As a derogatory slur, a pejorative, it simply means “Jew,” the way earlier words, now archaic, used to. Some call Jews “Zios.” They mean the Jewish people, who exist in opposition to everything good in the world, and who are figures of emblematic wickedness. In this they simply update what Nazis said a century ago. Hitler, too, was an “antizionist,” along with his racial antisemitism. It attacks Jews, here in Western countries like Canada – in the cities where they live, in the universities they attend, in the publishing houses where they send their manuscripts, and in the entertainment world where they act and sing.
Note that it calls itself antizionism, not anti-Israelism, so that the net can grab virtually every Jew who simply wants to see Israel not destroyed – and that’s the vast, vast majority. We Jews know what it means, regardless of what our enemies claim. Would anyone think that the term antisemitism means hatred of Semites?

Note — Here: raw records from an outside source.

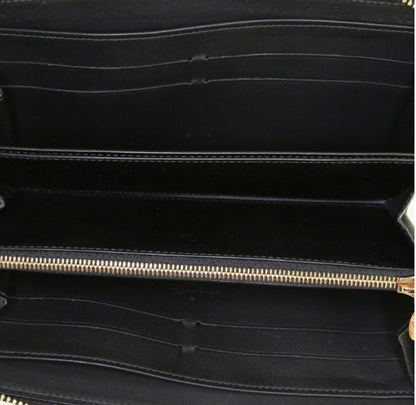 Portafogli Louis Vuitton Zippy in tela monogram cerata color crema con motivo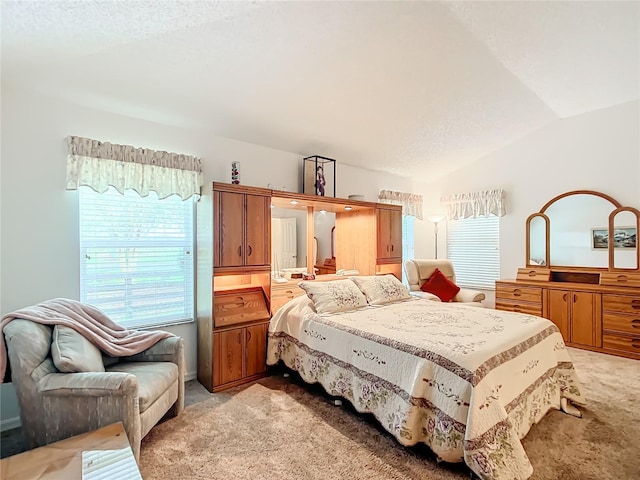 bedroom with lofted ceiling, light colored carpet, and a textured ceiling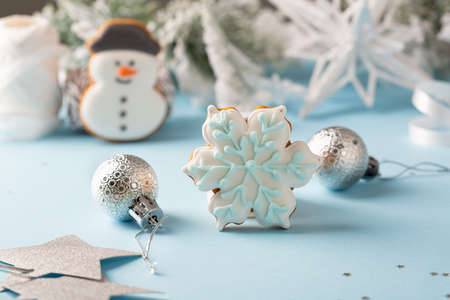Christmas gingerbread cookies with silver Christmas decorations on blue surfaceの写真素材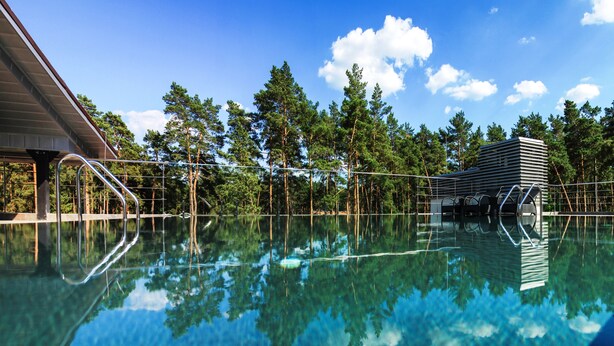 A clear swimming pool with a metal ladder and a metal fence. - Grand Admiral Resort & SPA (Irpin)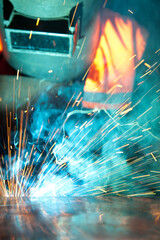 Welder uses torch to make sparks during manufacture of metal equipment, industrial professional worker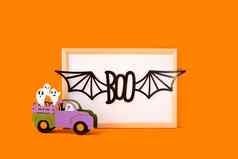 快乐万圣节假期概念万圣节手工制作的纸装饰鬼魂车嘘文本蝙蝠翅膀框架橙色背景万圣节节日聚会，派对问候卡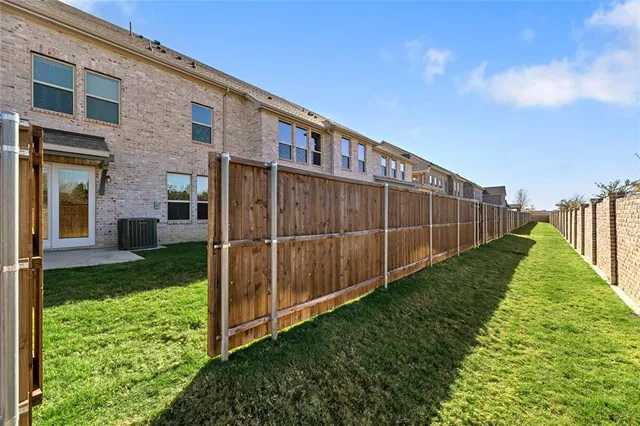 a view of a backyard with a garden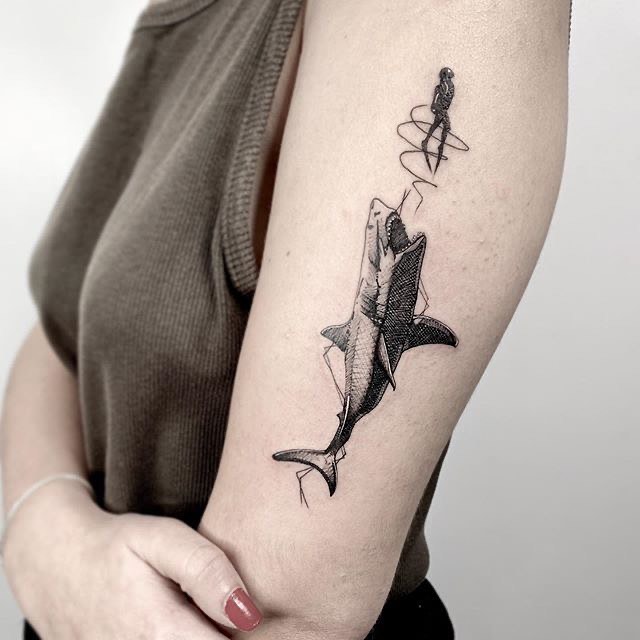 Artistic depiction of a shark and fisherman tattoo Tattoo on skin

Clearly a ludicrous idea; it was invented in the 19th century by a German Jew-hater, Wilhelm Marr, to make it sound more “racially scientific.” No one is fooled by that, of course, nor should they be by so-called “antizionism.” In its effects, it is for Jews a distinction with a negligible difference. It is meant to portray Jews as villains, and while it may fool some gullible people, it will deceive very, very few of us.
After all, as Michel Coren noted in “Roald Dahl’s Antisemitism Feels Painfully Familiar,” in the British magazine the Spectator March 16, “most Jewish people do in fact to varying degrees support Israel, partly because centuries of bigotry, violence, massacre, and attempted genocide have given them little alternative. They may oppose Israeli policy, may condemn the current government, may even want radical compromises, but there’s still support. And in the current climate of leftist and Islamist triumphalism, it’s all Zionism and none of it acceptable.”
Anti-Zionism is marked by three core “libels”: that “Zionists” are colonizers, guilty of apartheid, and committing genocide. (Actually, the only time we were settler-colonialists was when we conquered Canaan, but that was God’s doing!) Anti-Israel activists incorporate historical manifestations of anti-Jewish discrimination under the guise of anti-Zionist political activism, from the blood libel to Nazi-era tropes, mixed with contemporary academic theories. Anti-Zionism acts as a container for these historical tropes, blending them together with progressive talking points.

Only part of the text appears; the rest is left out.